Can You Split the Cost Between Both Parents?
Insurance carriers bill the policyholder, not the covered driver. If you're the primary policyholder who added the teen, the entire premium comes to you — your carrier has no mechanism to split billing between divorced parents. How you and your co-parent divide that cost is a private arrangement, typically outlined in your custody agreement or negotiated separately.
Some parents split the teen surcharge proportionally to custody time — if the teen lives with you 60% of the time, you pay 60% of the annual increase. Others split it 50/50 regardless of custody percentage. Either way, the primary policyholder pays the carrier in full and collects the other parent's share independently.
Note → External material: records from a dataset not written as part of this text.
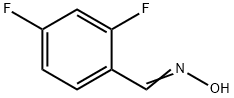 2,4-DIFLUOROBENZALDEHYDE OXIME Structure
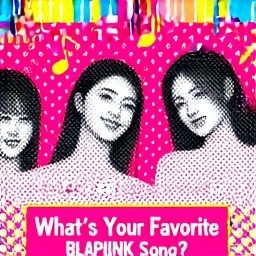 너의 가장 좋아하는 BLACKPINK 노래는?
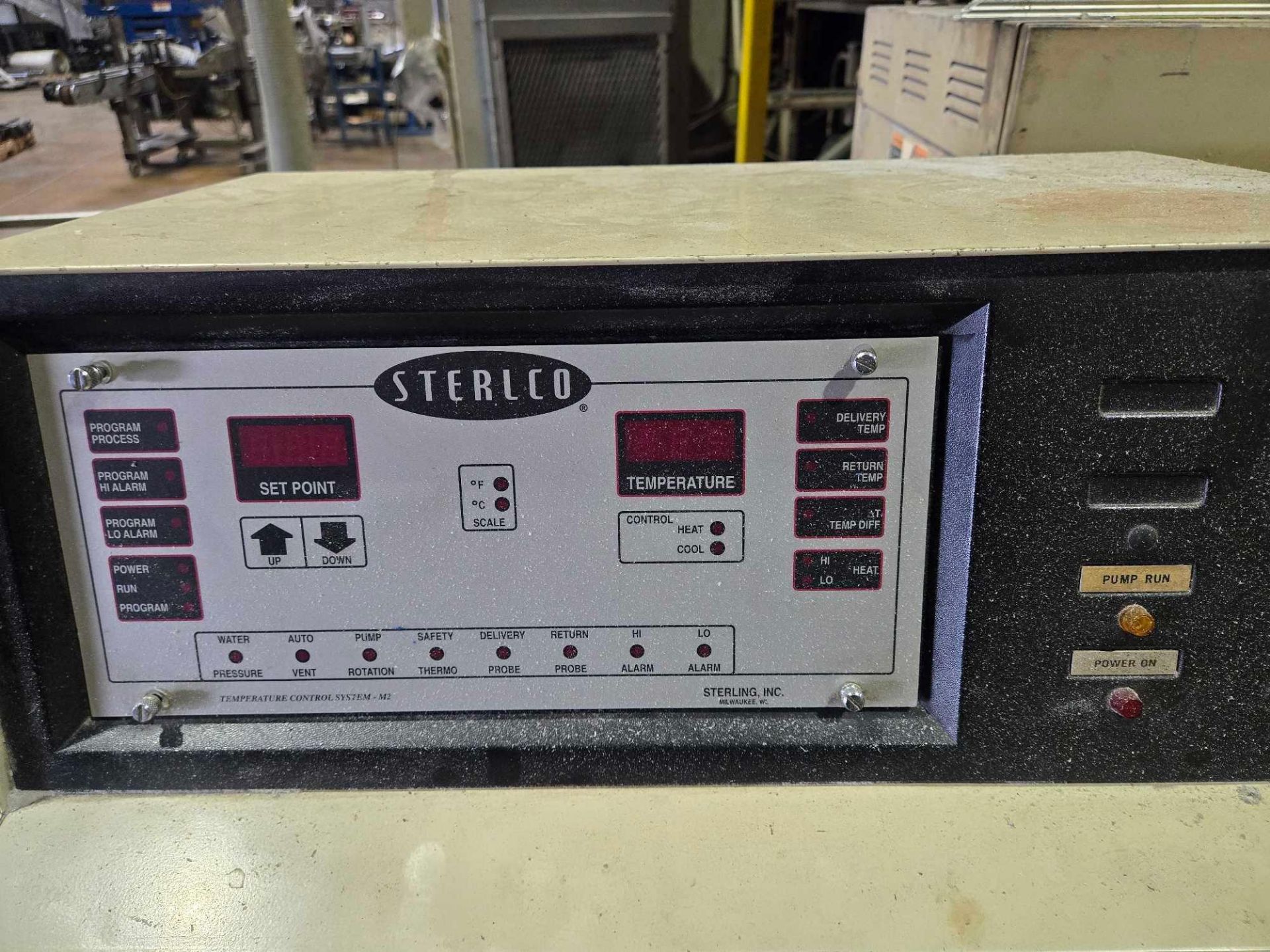 STERLCO M8412-FX TEMPERATURE CONTROL UNIT - Image 4 of 9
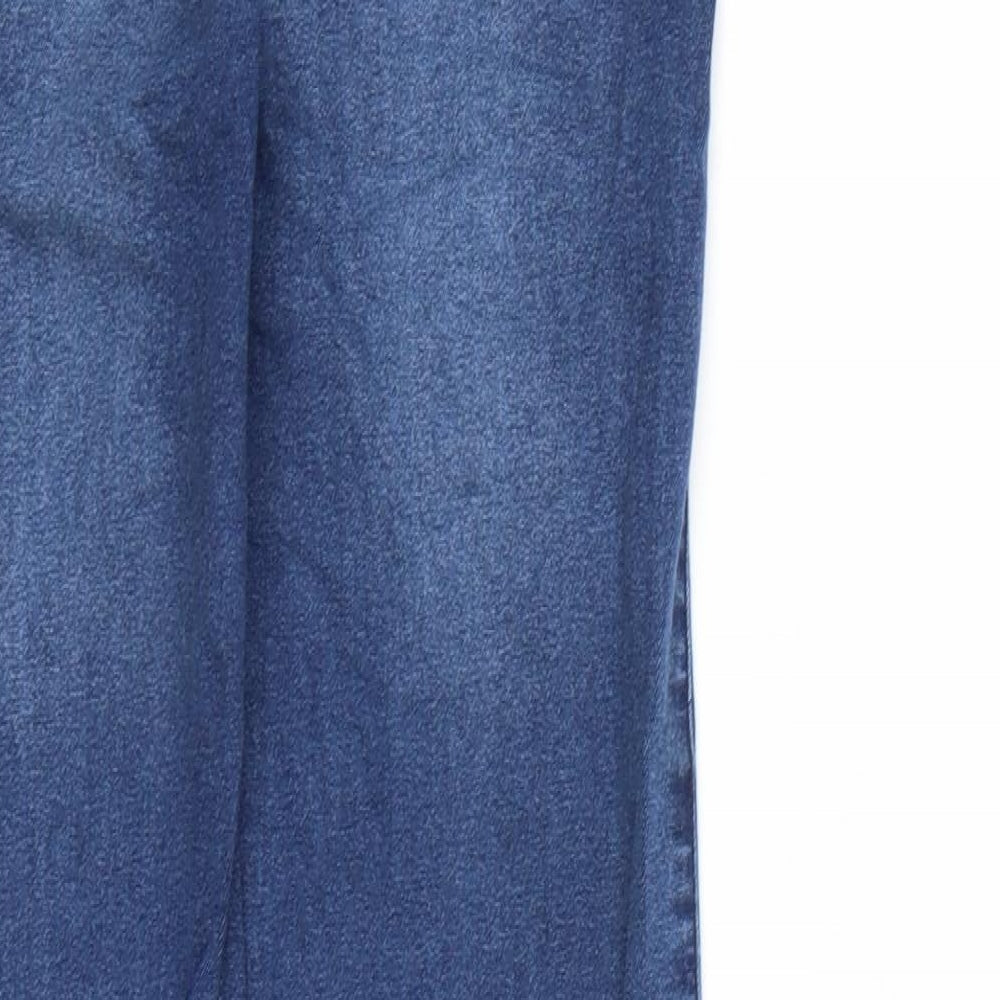 Preworn Womens Blue  Denim Skinny Jeans Size 10 L28 in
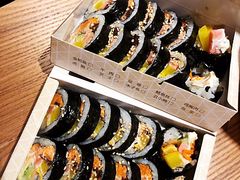 金枪鱼紫菜包饭-贞姬紫菜包饭(金泰广场店)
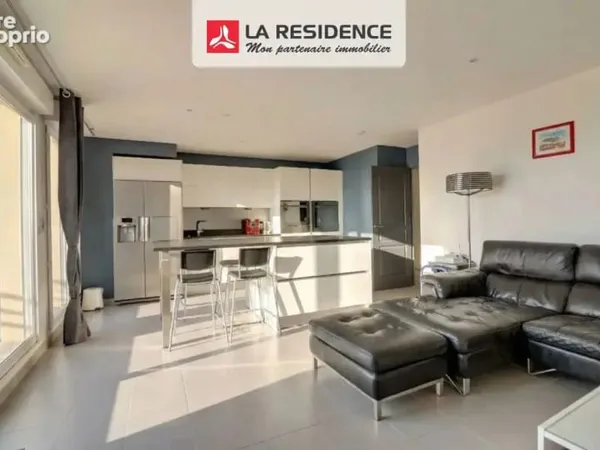 Appartement 3 pièces 63 m²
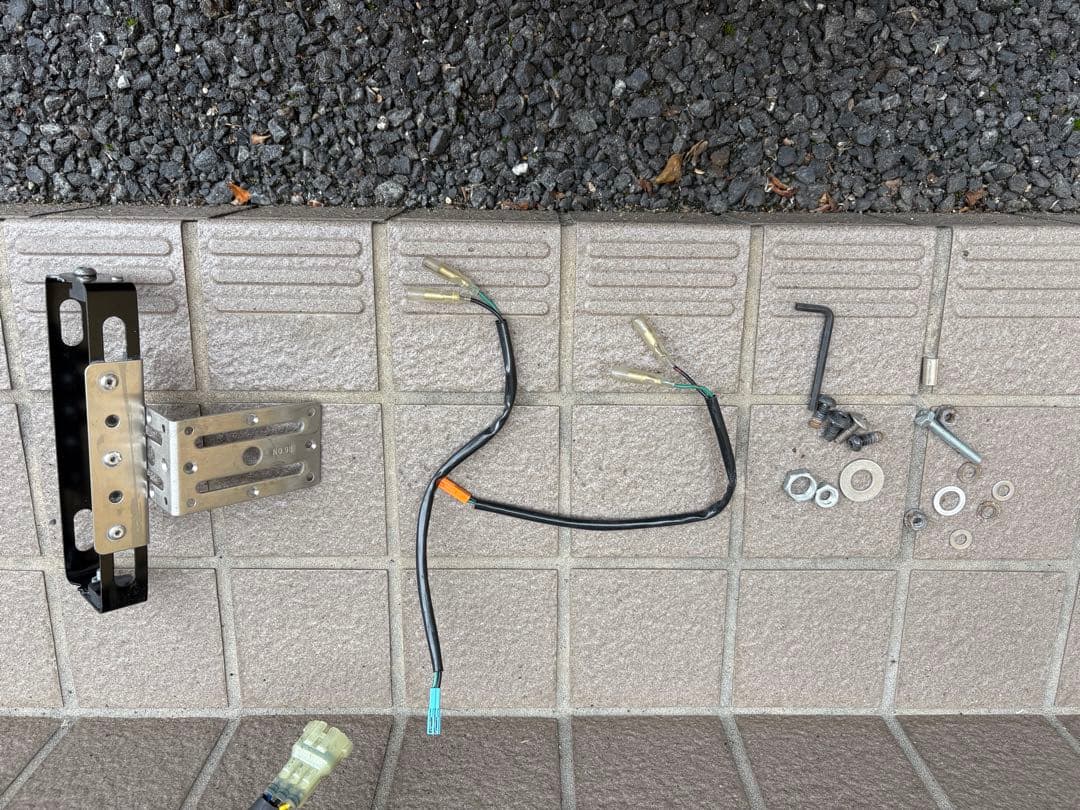 cb400sf nc39 nc42 CBX仕様 テールカウル サイドカバー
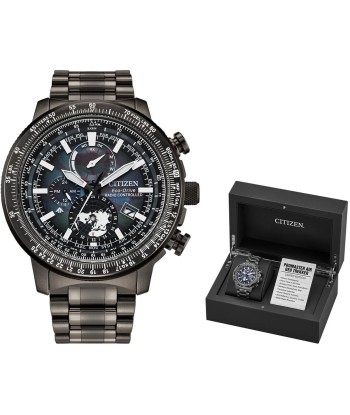 Montre Homme Citizen PROMASTER GEO TREKK ECO DRIVE Noir (Ø 46 mm) paiement sécurisé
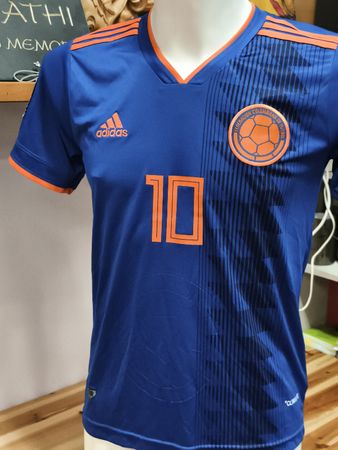 Adidas Kolumbien Trikot WM 2018 James #10(A82)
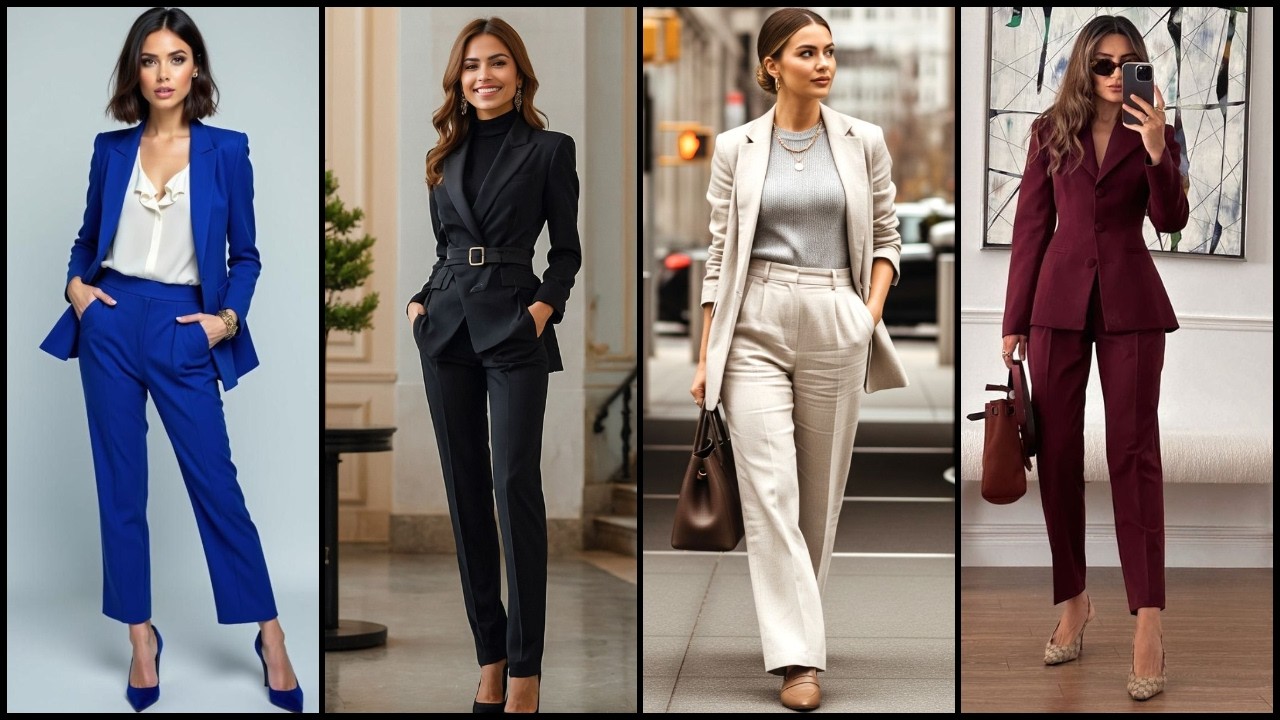 Top 10 ATTRACTIVE Blazer Colors For Women 2025!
If the other parent adds the teen as an occasional driver on their own policy, they'll receive a separate bill for that surcharge. In that case, each parent is responsible for their own carrier's charges, and no split arrangement is needed unless you've agreed to reimburse each other for insurance costs as part of your overall custody agreement.
When Does a Teen Need Their Own Policy?
A teen needs their own standalone policy in Ohio if they own a vehicle titled in their name, if neither parent can add them due to coverage lapses or non-standard policy restrictions, or if they're emancipated and no longer live in either parent's household. Standalone teen policies in Ohio typically cost $4,000–$7,000 annually for minimum liability coverage, compared to $1,500–$3,000 added to a parent's existing policy.
If your teen buys their own car, they can still be listed on your policy as a primary driver of that vehicle as long as you're listed as a co-owner on the title or the vehicle is garaged at your address. This keeps them under your multi-vehicle and multi-policy discounts and avoids the standalone teen policy surcharge.
Once your teen turns 18, moves out, and establishes a separate household, most carriers require them to obtain their own policy within 30–60 days. Some allow parents to keep an adult child on their policy if the child is a full-time college student living away, but that requires proof of enrollment and confirmation that the vehicle is garaged at school, not at a separate apartment.